1. Add backup settings

Click + Add backup , and select Configure a new backup

Set the backup name, select AES-256 encryption, built-in for encryption, and set the passphrase.

2. Set the backup destination

  • Storage Type: S3 compatible
  • Use SSL: please tick the checkbox
  • Server: select Custom server url, and enter cos.twcc.ai
  • Bucket name: enter the bucket name you wish to store the backups
  • AWS Access ID/Key: enter COS Access Key and Secret Key
info
  1. You can get public COS connection information on SERVICES> Cloud Object Storage (COS)> Third-party Software page.

  1. You can find the COS connection information on Private COS > Third-party Software page.

  • After entering the information, click Test Connection. If the settings are correct, system will pop up Connection worked! message.
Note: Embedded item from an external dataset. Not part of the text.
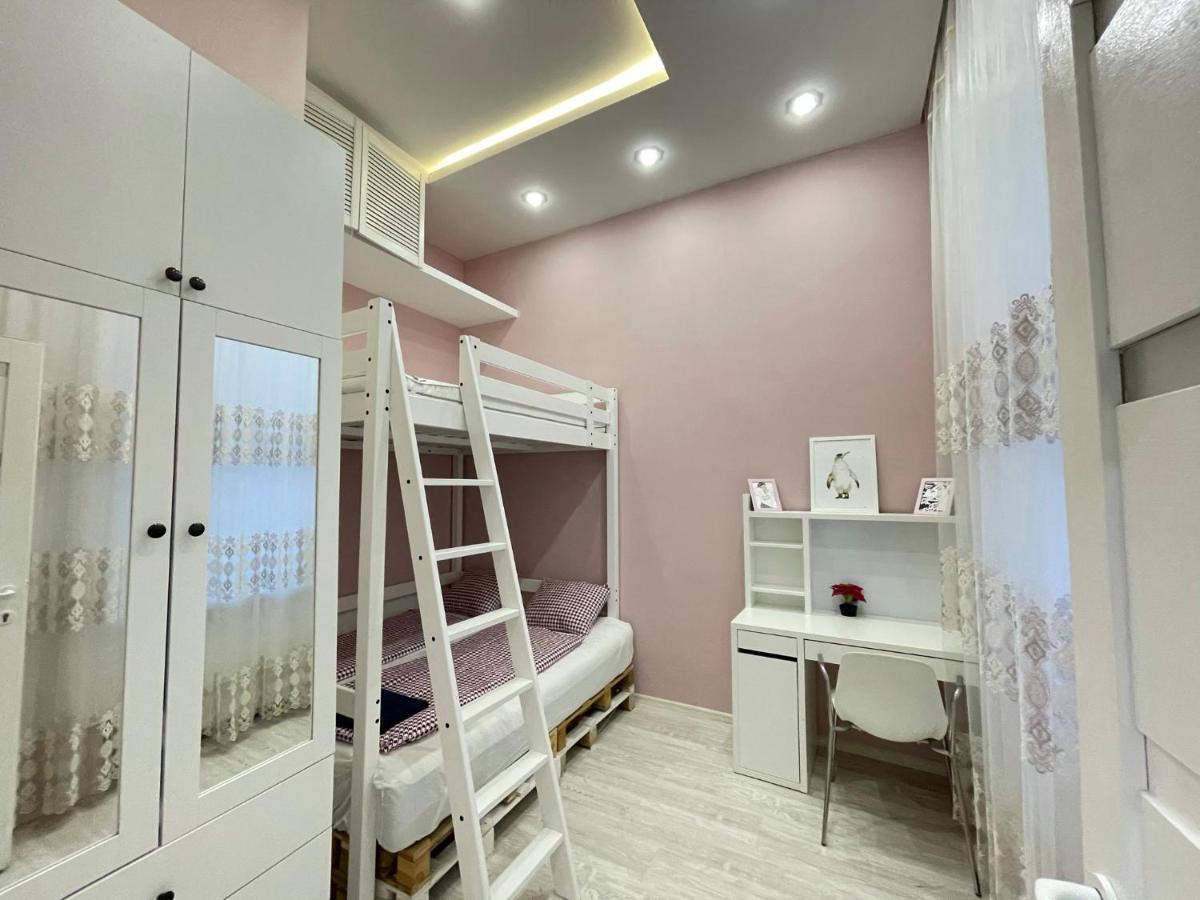 Deluxe Sapphire Residency - 4 Bedrooms Budapest Exterior photo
3. Set backup source data and schedule

  • Select the folder or file you want to back up from the local computer

4. Set automatic backup schedule

E.g., regular backup automatically at 1 PM every day

  1. Set backup options and store settings

Select the default value for the remote volume size (select a smaller size if your Internet speed is slow). The number of backup retention can be selected according to your needs.
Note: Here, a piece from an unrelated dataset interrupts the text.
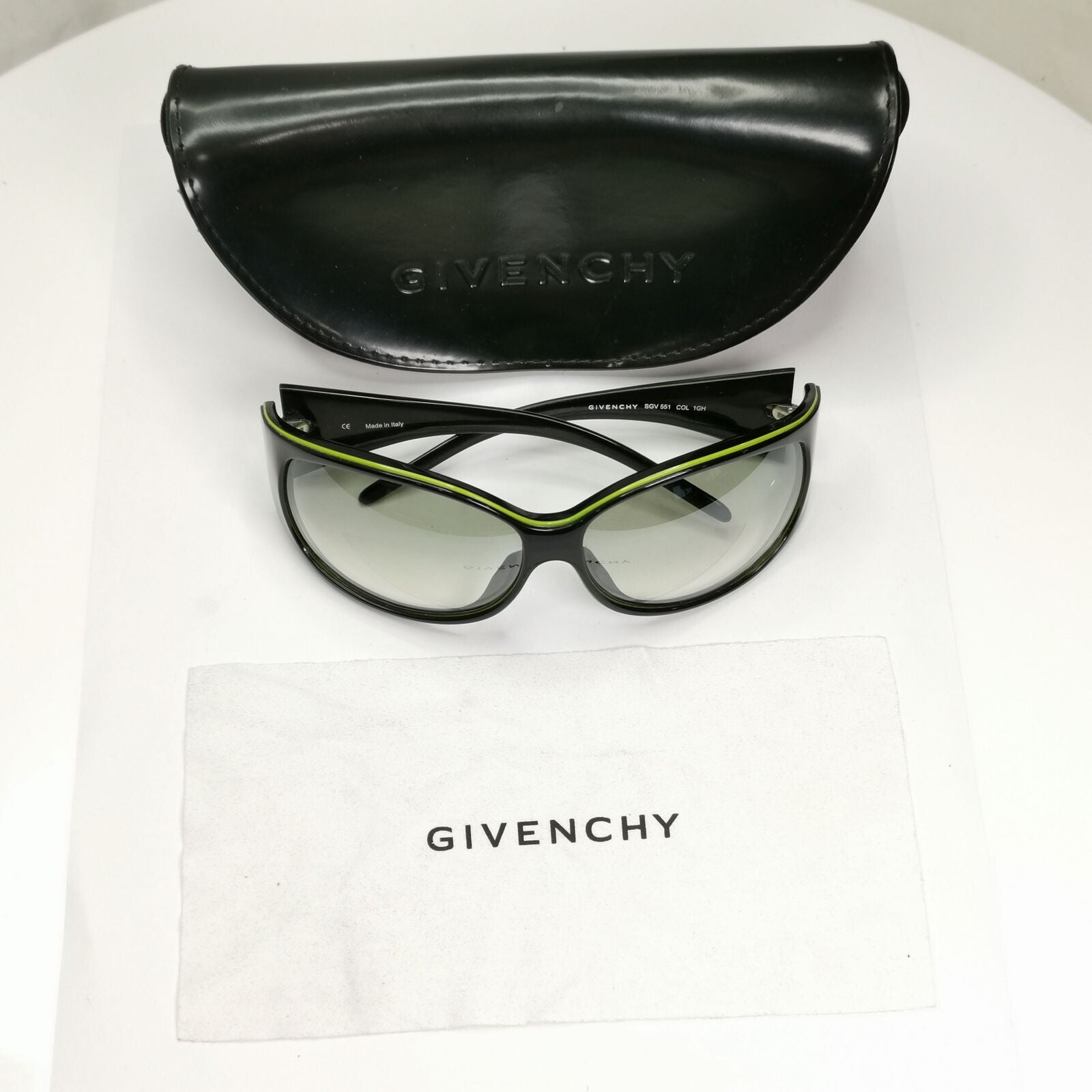 Givenchy Black Womens Vintage Designer Sunglasses SGV 551 1GH 36054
Select backup retention according to your needs (keep all backups, delete backups that are older than a specific time, keep a specific number of backups, smart backup retention or custom backup retention.).

  • Click Save to save the settings. After that, Home page will display the next backup schedule and backup configuration.

  • If you need to back up immediately, please click Run now

  • If you don’t need to back up data anymore, click Delete to delete the configuration

Restore backup data from COS

1. Set the restore configuration

Click Restore, and select the backup configuration you want to restore

2. Select files

Select the backup version, and select the files and folders you want to restore

3. Set the restore options

Set the options according to your needs, and click Restore to start the restoration

After the restoration, it will show you the following message: Your files and folders have been restored successfully.